The European F-Gas regulation and the phasedown of high-GWP refrigerants — and resulting impact on refrigerant price — have driven recognition in all regions that high-GWP refrigerant use comes with long-term environmental and cost risks. That’s according to Drew Turner, global marketing manager – Oil-free Solutions, Danfoss. In the U.S., in the absence of federal direction, states and cities (including California and the growing U.S. Climate Alliance) are taking steps to reduce high-GWP refrigerants, driving change throughout the industry.
“Regulations that focus on environmental sustainability and energy efficiency are creating opportunities to improve overall HVAC products and system designs as the industry continues to evaluate long-term viable solutions,” said Brian Smith, director of global marketing – Chiller Solutions, Johnson Controls Inc. “The HVAC market is continually driving toward system efficiency, sustainable solutions, connectivity, and cloud-based services.”
Chiller technologies align with these market trends.
“Flammable refrigerants will require changes to not just equipment, but also to building design, handling, maintenance, and operating procedure,” Smith continued. “New, holistic approaches are needed that consider the life cycle of the equipment within its environment, regarding costs, greenhouse gas emissions, and interfacing with constantly evolving data management systems.”
By 2050, it is expected that 70 percent of the world’s population will live in cities, compared to 54 percent today, said Turner. In fact, about 77 million people are moving from rural to urban areas around the world each year.
“This is causing an accelerating trend toward equipment optimized for retrofit applications, with minimized footprint and sound levels,” Turner said. “The centralized fossil fuel-driven electric grid is shifting to one that is decentralized, with microgrids and the integration of renewables. With that is coming a shift to ‘electrification,’ changing equipment that formerly used fossil fuels, primarily for heating, to become electric-driven. The trend toward energy storage is being influenced by the periodic availability of renewables and the resulting disconnect with demand.”

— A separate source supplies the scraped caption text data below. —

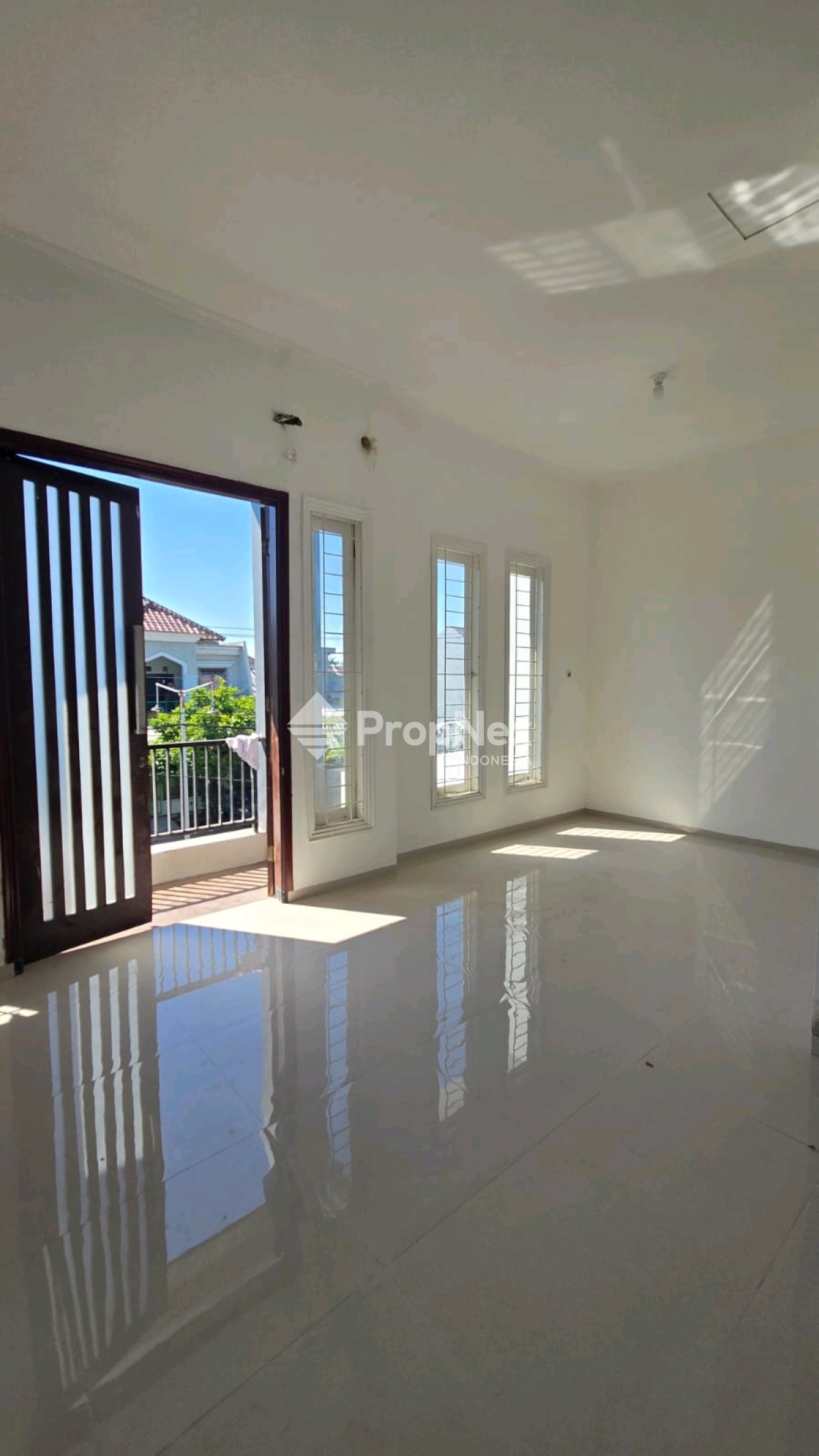 Rumah Wiguna Timur Regency, Surabaya — foto 3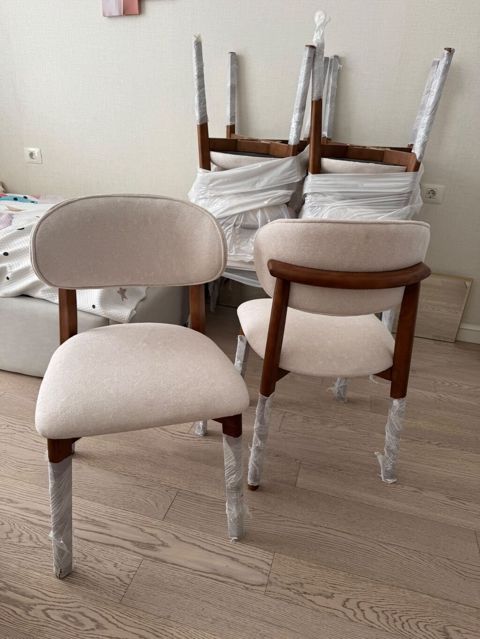 Stullar yenıdır.Hec ıstıfade olunmayıb.6 ededdır.1ededı 60 manat.Tek — Bakı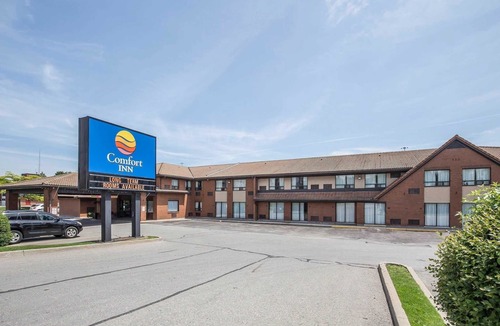 Pickering Hotel | Comfort Inn Pickering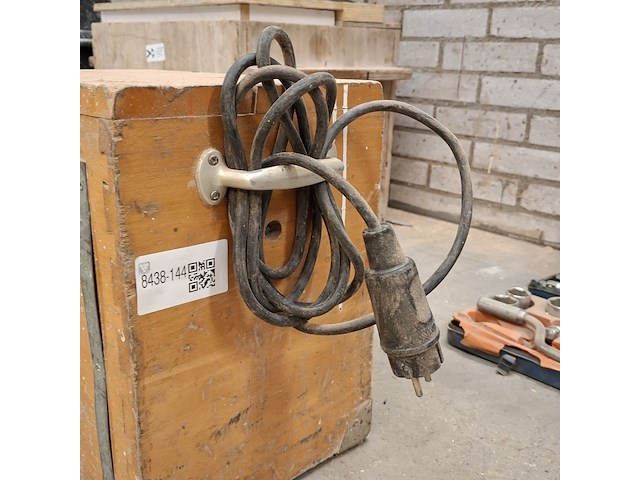 Omvormer 230-42v - afbeelding 8 van  8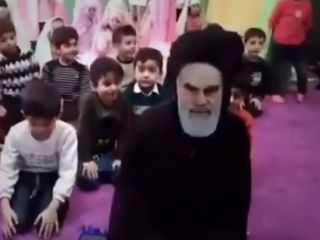 نماز جماعت با ماسک خمینی در مهد کودک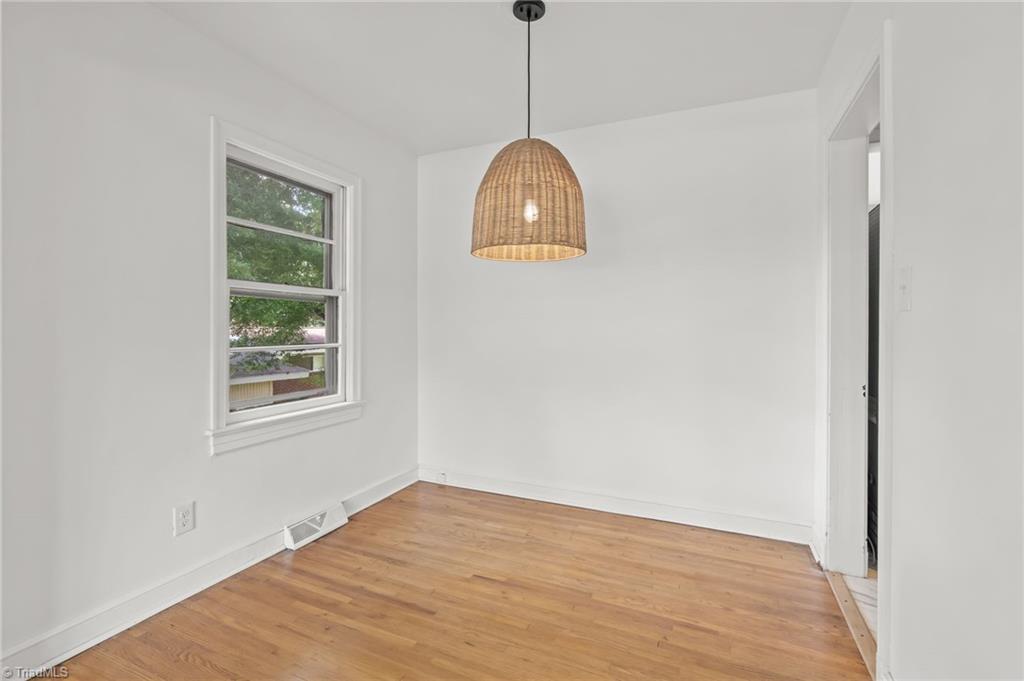 615 Rockspring Road High Point, NC 27262 - Photo 6 of 32 Dining Room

A related buzz term is the water-energy nexus, which refers to the issues surrounding cities’ needs for water and the energy consumed to treat and transport it.
“This has driven recognition that these costs should be accounted for in making equipment decisions,” Turner said.
Chiller component efficiencies are approaching practical and, in some cases, thermodynamic limitations, said Smith. At the same time, the ways in which HVAC systems are operated offer opportunities for energy savings that are proving to be much greater than smaller incremental savings in certain component technologies. For example, the York® YHAU Chiller/Heat Pump is designed with absorption technology that utilizes zero-GWP water as a refrigerant, and uses available waste heat rather than disposing of it. It provides a dual benefit for end users on overall energy consumption and lower operating costs.
“System efficiency, while challenging, is becoming prevalent in building and equipment design through Green Globes, the USGBC [U.S. Green Building Council] LEED green building certification program, and other programs with the intent to help building owners measure and reduce energy consumption,” he said.
That includes advanced control schemes, model predictive control, system optimization, artificial intelligence, equipment learning (to optimize the real-time complexities of operating systems), and wireless connectivity for remote aggregation and analysis of system data (to inform operational decisions and identify and prioritize maintenance schedules to avoid unplanned or extended downtime for repairs).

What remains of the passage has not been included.